§ Task description: Pictures aside, copy exactly the lines running from the one with "Italian Socialist Party" to the end of the records.
------------------------------------
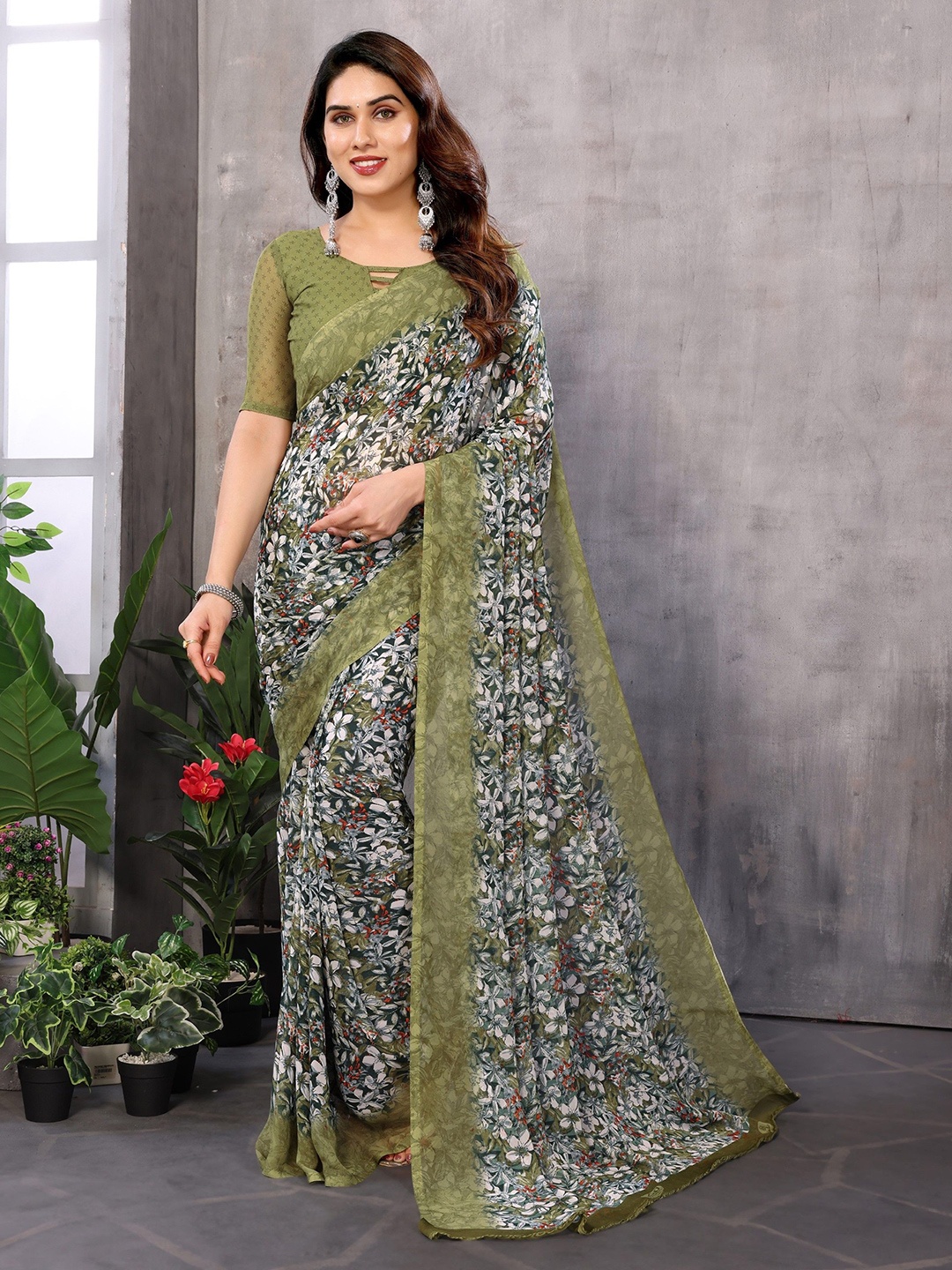 

Ambuja International Floral Printed Pure Georgette Saree, Green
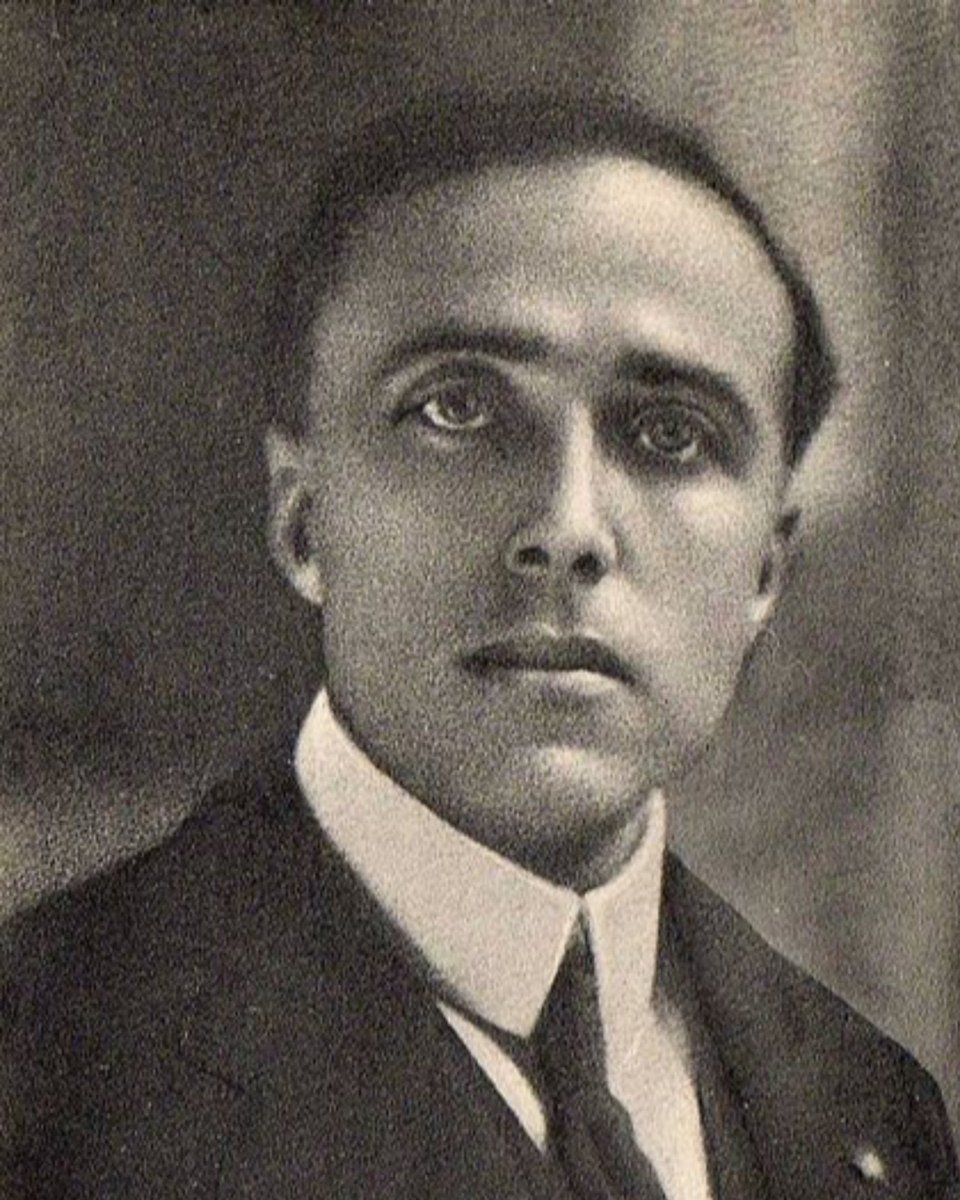 Italian Socialist Party Deputy, Giacomo Matteotti denounced Fascist electoral fraud on May 30, 1924. His murder 11 days later precipitated a political crisis for the Fascists out of which Mussolini ultimately consolidated his personal dictatorial power. #OTD #Italy #Antifa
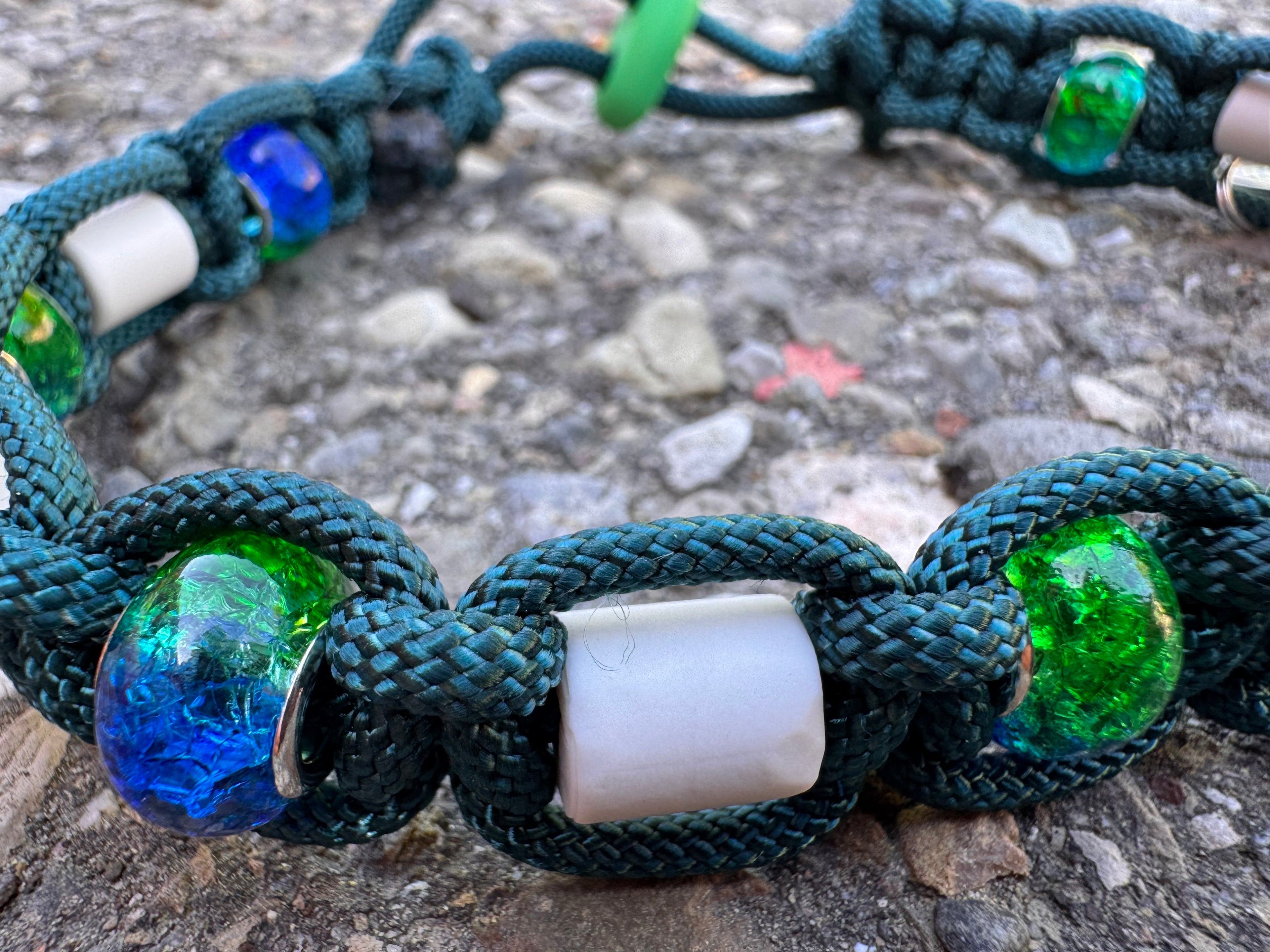EM-Keramik Halsband "Evergreen“, 31-36cm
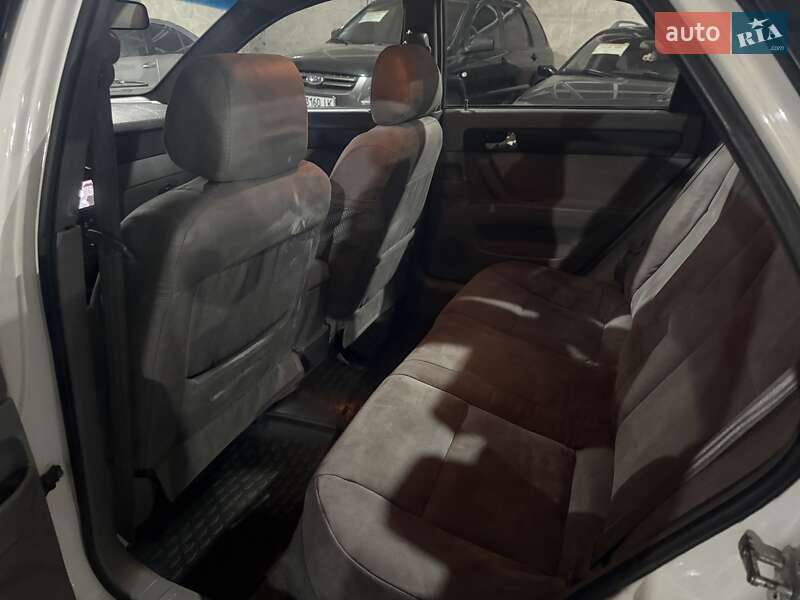 Седан Daewoo Gentra 2013 в Золотоноші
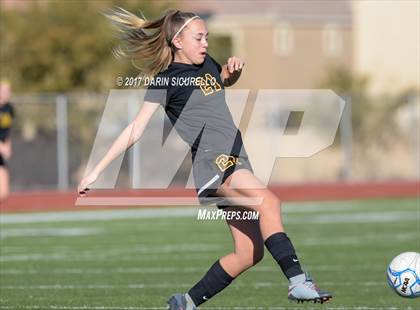 Thumbnail 3 in Higley vs. Mountain Pointe (Coyote Classic Semifinal) photogallery.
------------------------------------
§ Output:
 Italian Socialist Party Deputy, Giacomo Matteotti denounced Fascist electoral fraud on May 30, 1924. His murder 11 days later precipitated a political crisis for the Fascists out of which Mussolini ultimately consolidated his personal dictatorial power. #OTD #Italy #Antifa
EM-Keramik Halsband "Evergreen“, 31-36cm
 Седан Daewoo Gentra 2013 в Золотоноші
 Thumbnail 3 in Higley vs. Mountain Pointe (Coyote Classic Semifinal) photogallery.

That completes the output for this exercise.